Mr. Campbell emerged from that childhood to pursue a political career of soaring ambition. He has never personally lost an election, and polls show his party with a solid eight-point lead over the NDP.
Despite his winning record, Mr. Campbell has been warning Liberals they could lose the May 17 election. It's as if he has never forgotten how quickly the world can change or how painful that can be.
He should know. Of the many faces B.C.'s 34th Premier has, one that keeps popping up, pasted to light poles and bus-stop shelters, is a grainy mug shot that shows a slightly dazed Mr. Campbell, an uncomprehending grin plastered on his face as he stares at a police identity camera in Hawaii, shortly after being arrested in January of 2003 for impaired driving. That was his wild side, never seen before, or since, by the public.
No matter how close they stand, the journalists who have covered him for more than two decades, first as mayor of Vancouver, then as leader of the opposition, then as Premier, never manage to penetrate his personal space. Not even fervent talk-show hosts such as Rafe Mair or Bill Good can knock him off the message track. But behind the closed doors of cabinet and caucus meetings, he can flare in anger, or even break down and cry.

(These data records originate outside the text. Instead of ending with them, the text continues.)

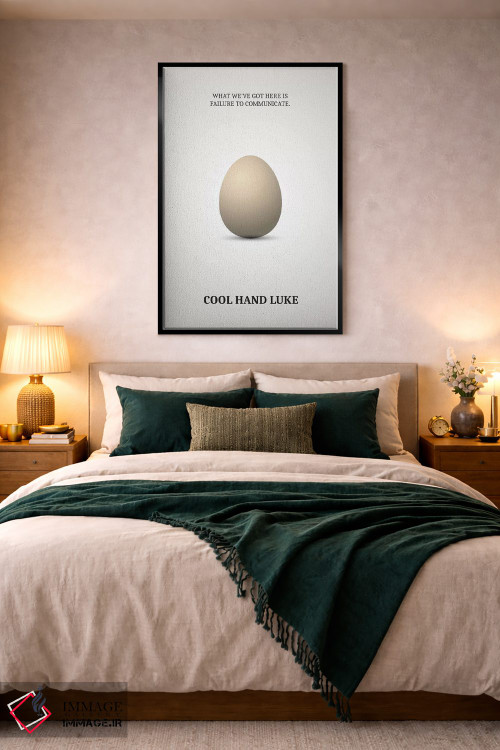 تابلو مینیمال پوستر مینی مالیستی کول هند لوک اثر پوپیت - D4B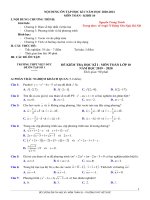 Đề cương ôn tập kì 1 toán 10 việt đức 2021 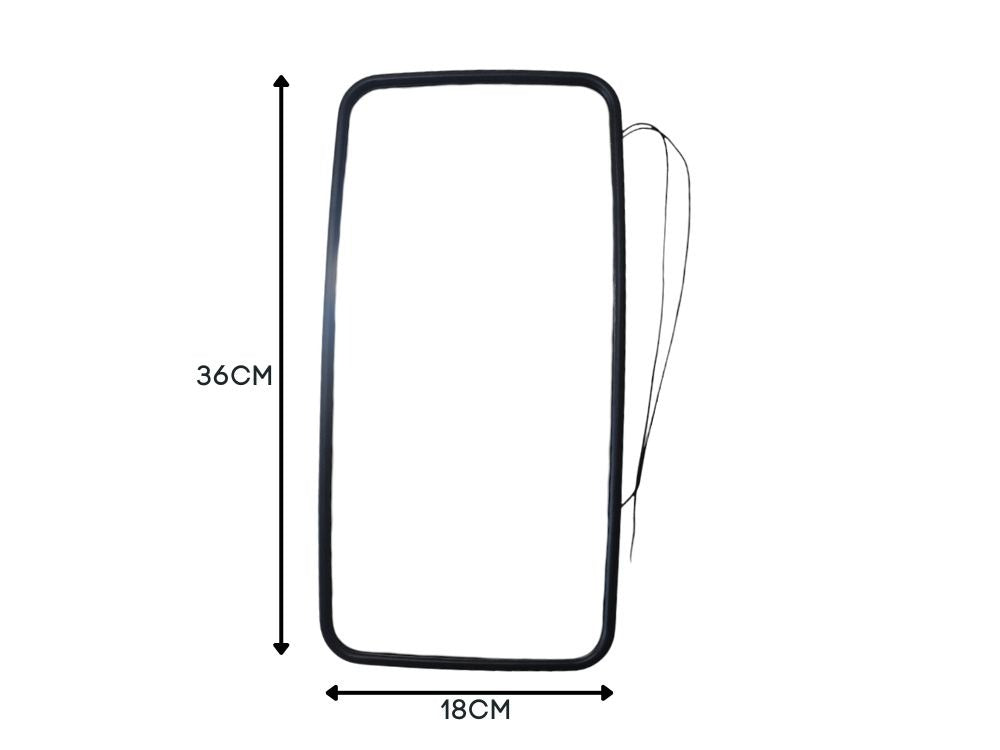 Mitsubishi/Fuso Canter Mirror Head Right Hand / Left Hand – Heated Wire – Without Plug – FEA/FEB/FEC/FG (2024-On) image 2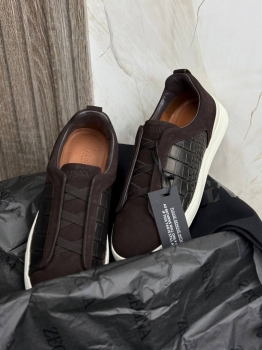 Кеды мужские ZEGNA Артикул BMS-149790. Вид 1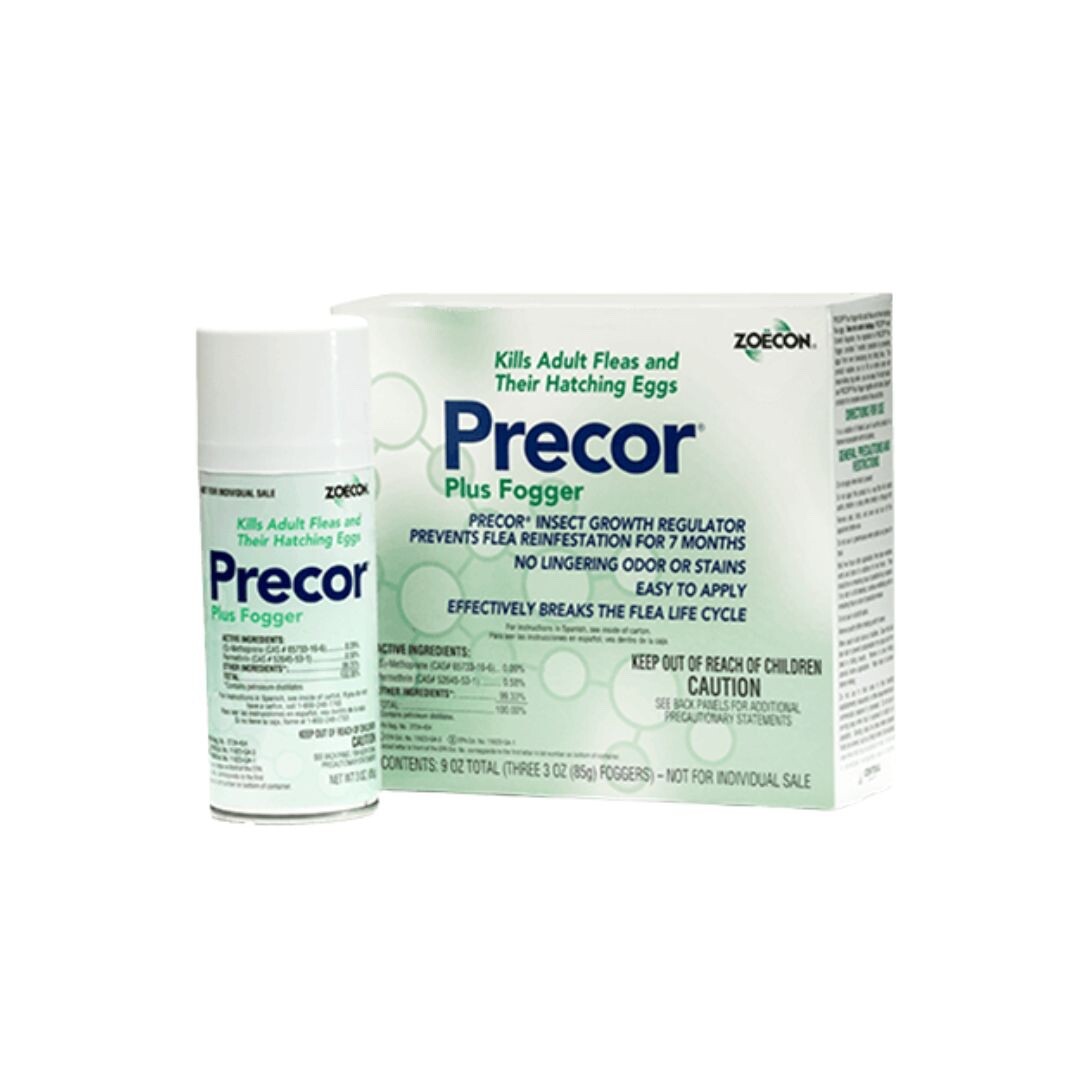Precor Plus Fogger with IGR - 3 x 3 oz cans Flea Control gallery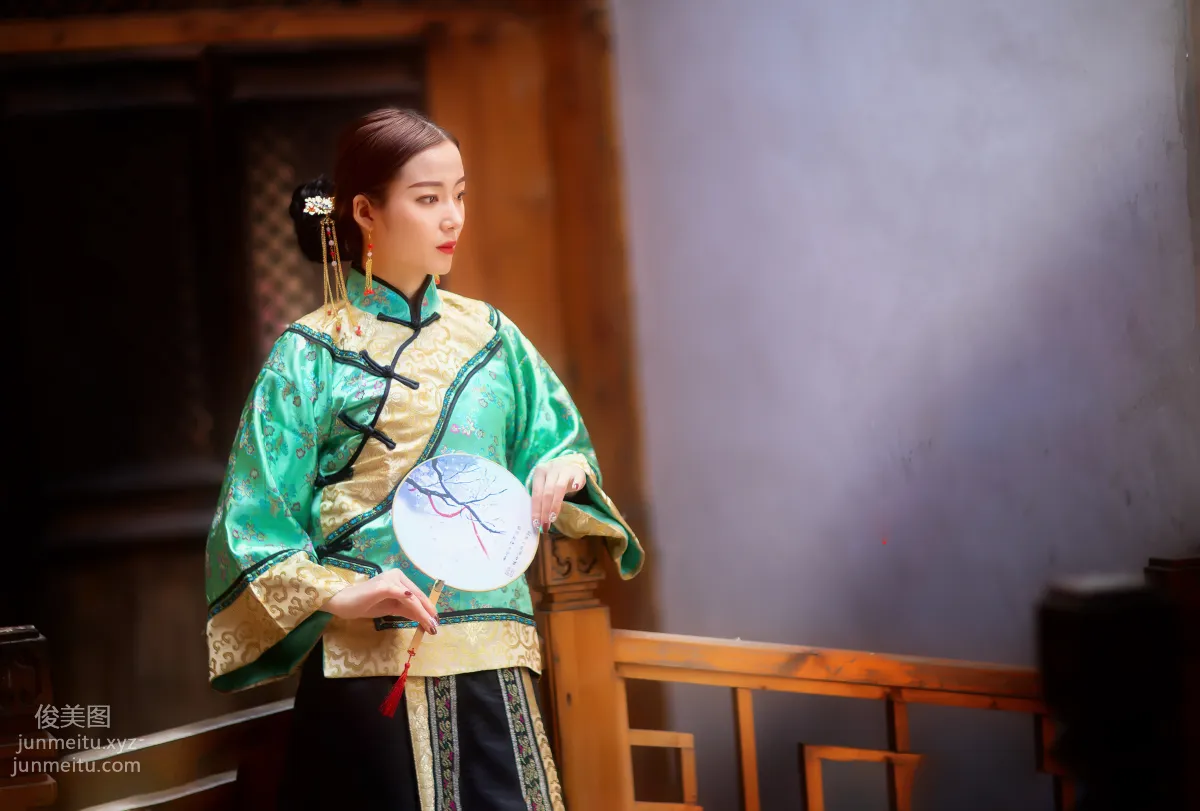 [YiTuYu] 2021.08.14 Past Events Like Smoke Xiao Wen photo 26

Which is the real Gordon Campbell? The policy wonk who calls colleagues late at night to bounce ideas off of them? The drinking driver veering over the centre line? The tough politician who can stick to his policies even when thousands of angry protesters fill the streets? Or the vulnerable man who is not above weeping openly?
Many people agree that Mr. Campbell is a complicated individual who is intellectually much deeper than his critics acknowledge and much more sensitive than his public image suggests. He is a man who, in seeking to protect himself in the rough- and-tumble world of politics, may have layered on armour so thick that he can't let his true feelings show.
"He has trouble, like a lot of people do, revealing his inner emotions. That's difficult for him," said Christy Clark, the former deputy premier of B.C. and a long-time political colleague. "But that's true for a lot of us. He really is a very supportive, very caring guy."
Ms. Clark, a star in the Liberal cabinet, shocked nearly everyone in B.C. last September when she announced she was leaving politics to spend more time with her growing son. But when she broke the word to Mr. Campbell, she said, his response was immediate.
"That's great," he told her. "That's what you have to do. Family comes first."